The first ambassadorial appointment following the assassination of Foreign Minister Lakshman Kadirgamar has sent shock-waves through the Foreign Office in Colombo, The Sunday Times learns.

Foreign Minister Bandaranaike made the appointment from somewhere overseas. K.J. Weerasinghe, Sri Lanka's ambassador to the World Trade Organisation in Geneva has been nominated as the country's new ambassador to Brussels, a largely political station, with trade and economic matters being secondary.

Brussels was without an ambassador during the key period when Sri Lanka was lobbying the 25-nation EU for a strong statement on the LTTE following the assassination of Mr. Kadirgamar on August 12. It had been manned by A.K. Perera, a trade attache from the Commerce Department.

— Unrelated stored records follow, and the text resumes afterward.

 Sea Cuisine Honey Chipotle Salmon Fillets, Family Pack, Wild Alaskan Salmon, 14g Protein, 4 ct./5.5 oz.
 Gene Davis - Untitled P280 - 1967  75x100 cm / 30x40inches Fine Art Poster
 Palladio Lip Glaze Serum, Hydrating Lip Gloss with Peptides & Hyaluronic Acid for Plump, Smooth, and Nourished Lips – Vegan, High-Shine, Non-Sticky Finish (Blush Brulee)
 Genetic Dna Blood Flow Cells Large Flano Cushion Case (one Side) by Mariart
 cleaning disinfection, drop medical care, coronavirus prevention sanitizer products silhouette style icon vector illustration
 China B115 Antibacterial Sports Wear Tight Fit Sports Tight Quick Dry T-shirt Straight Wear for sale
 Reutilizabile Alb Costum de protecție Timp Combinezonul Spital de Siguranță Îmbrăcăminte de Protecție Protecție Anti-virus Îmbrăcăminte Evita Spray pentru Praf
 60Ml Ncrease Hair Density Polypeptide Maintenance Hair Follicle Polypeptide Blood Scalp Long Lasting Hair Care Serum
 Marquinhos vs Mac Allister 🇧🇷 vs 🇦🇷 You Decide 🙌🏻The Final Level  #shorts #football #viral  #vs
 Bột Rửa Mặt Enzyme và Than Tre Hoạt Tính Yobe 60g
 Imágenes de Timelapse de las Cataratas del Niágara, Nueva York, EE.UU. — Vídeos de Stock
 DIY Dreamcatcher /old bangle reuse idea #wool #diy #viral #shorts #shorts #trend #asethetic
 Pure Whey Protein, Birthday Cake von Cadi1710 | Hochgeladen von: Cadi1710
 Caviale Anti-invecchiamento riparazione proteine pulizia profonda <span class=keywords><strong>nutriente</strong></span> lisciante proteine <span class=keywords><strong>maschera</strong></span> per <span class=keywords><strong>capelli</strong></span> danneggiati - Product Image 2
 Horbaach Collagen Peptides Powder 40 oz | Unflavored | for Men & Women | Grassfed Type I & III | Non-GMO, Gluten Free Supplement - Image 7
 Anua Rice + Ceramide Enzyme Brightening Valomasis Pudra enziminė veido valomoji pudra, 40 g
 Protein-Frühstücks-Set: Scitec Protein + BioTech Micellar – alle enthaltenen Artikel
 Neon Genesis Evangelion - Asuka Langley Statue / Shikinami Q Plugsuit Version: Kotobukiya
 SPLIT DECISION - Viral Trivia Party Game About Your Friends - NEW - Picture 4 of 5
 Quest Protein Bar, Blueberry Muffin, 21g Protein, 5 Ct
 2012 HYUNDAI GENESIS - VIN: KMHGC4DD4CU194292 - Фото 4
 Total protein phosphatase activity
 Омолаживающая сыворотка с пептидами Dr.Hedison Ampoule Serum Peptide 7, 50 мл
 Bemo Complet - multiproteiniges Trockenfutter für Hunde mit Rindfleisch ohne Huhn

Now, the two senior-most posts in the Sri Lankan mission in Brussels will be filled by two men from the Commerce Department, and none from the Foreign Service.

Hitherto, the Sri Lankan mission in Brussels has been headed by K. Godage, N. Cassie-Chetty, F. Navaratnarajah and R. Jayasinghe, all career diplomats from the Foreign Service.

The Brussels ambassadorial-nominee, Mr. Weerasinghe, is reportedly an efficient public servant, but his expertise is in the technical and trade fields, and not in diplomatic and political handling.

EU diplomats who said that Sri Lanka's case against the LTTE, vigorously pursued by its European-based diplomats, especially in memory of their assassinated minister, was weakened by the absence of an ambassador in Brussels, point out that Brussels is essentially a political station.

Mr. Weerasinghe accompanied Minister Bandaranaike some months ago on a five-day five-nation European tour where Trade Minister Jeyeraj Fernandopulle successfully secured concessions on garment quotas for the Sri Lankan apparel industry.